Po pierwsze manual w 7er to grzech, po drugie jak chciałeś auto które będzie komfortowe na trasie to chyba zły wybór 728. To nie jest silnik nastawiony na autobahny tylko na krótki wyjazd za miasto i dojazd do pracy parę km. Miałem 750 w e38 i jakoś nie narzekałem na hałasy czy wysokie obroty przy wysokich prędkościach. Nawet przy 250 nie było tak wysokich obrotów jakie opisujesz.
Każde auto z małym silnikiem będzie musiało jechać na analogicznie wyższych obrotach przy wyższych prędkościach. Jak zmienisz skrzynię i dyfer to owszem obroty może spadną, ale będzie problem żeby rozpędzić prawie 2 tonowe auto do tej prędkości więc i tak tego nie wykorzystasz.

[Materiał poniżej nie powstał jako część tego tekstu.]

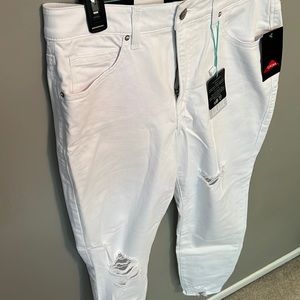 White Distressed Ankle Length Denim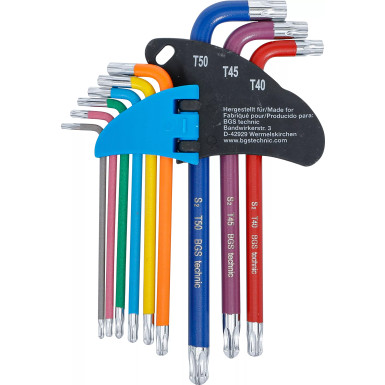 BGS Torx Winkelschlüssel-Satz Multicolour | mit Bohrung und Kugelkopf | 74464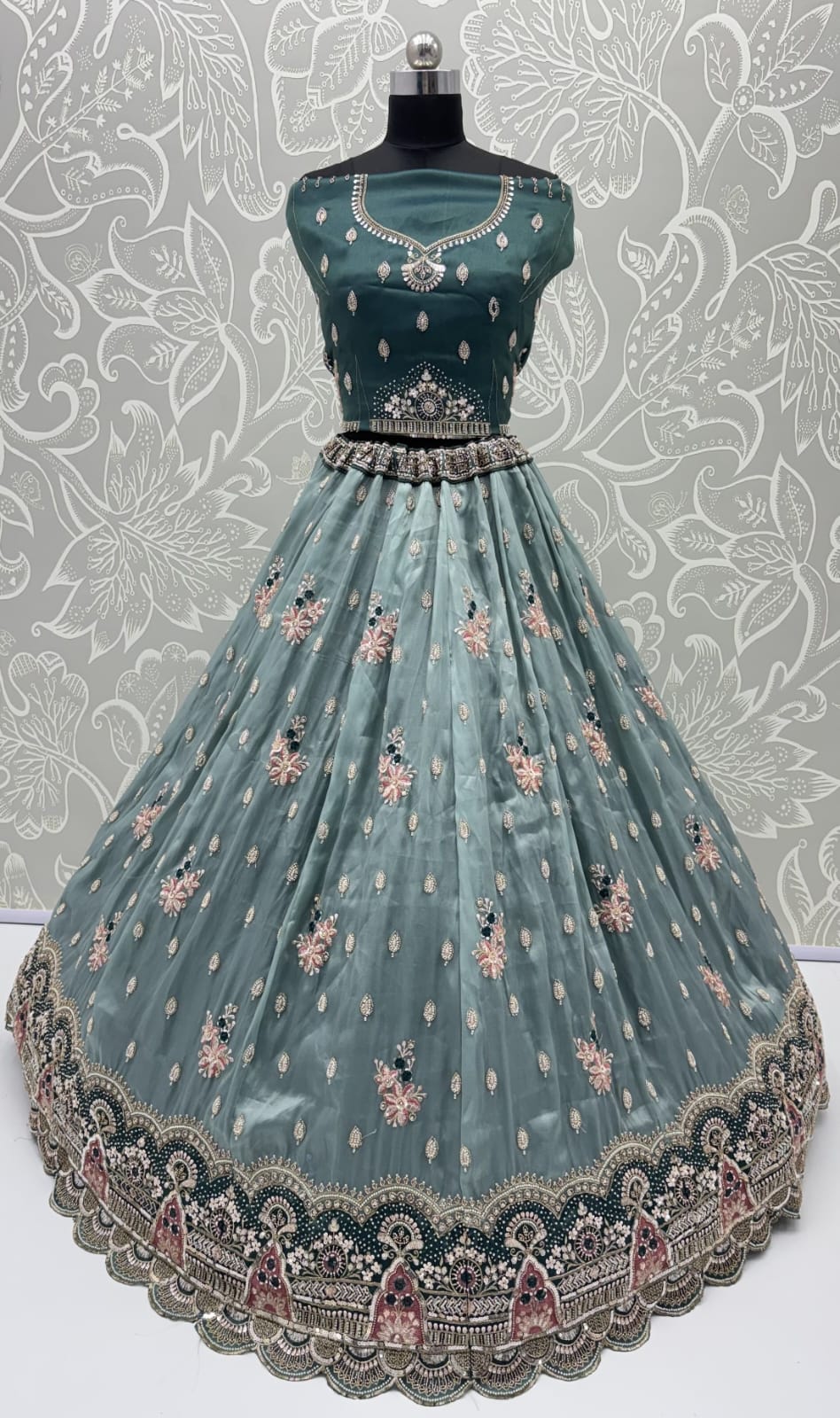 Teal Blue Pure Chandnia Silk Handwork Motif Crystal Beads Multi Thread Sequins Work Bridal Lehenga Choli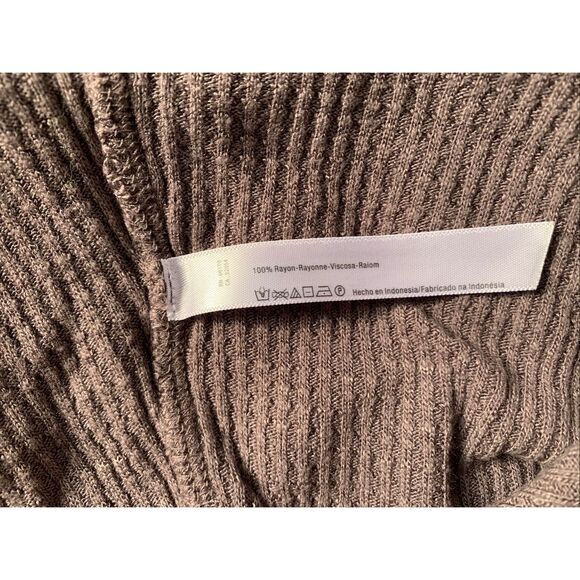 Free People Intimately gray BOHO THERMAL Waffle Weave SHIRT Top sz M - Picture 6 of 6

Jak Ci to przeszkadza to polecam zakup jakiejś Vki która będzie mniej uciążliwa przy wyższych prędkościach. 7er to 7er. kawał auta, które musi coś rozpędzić. A jak silnik jest za słaby do budy to potem wyje. Więc albo zmiana auta na wyższą pojemność albo trzeba się z tym pogodzić...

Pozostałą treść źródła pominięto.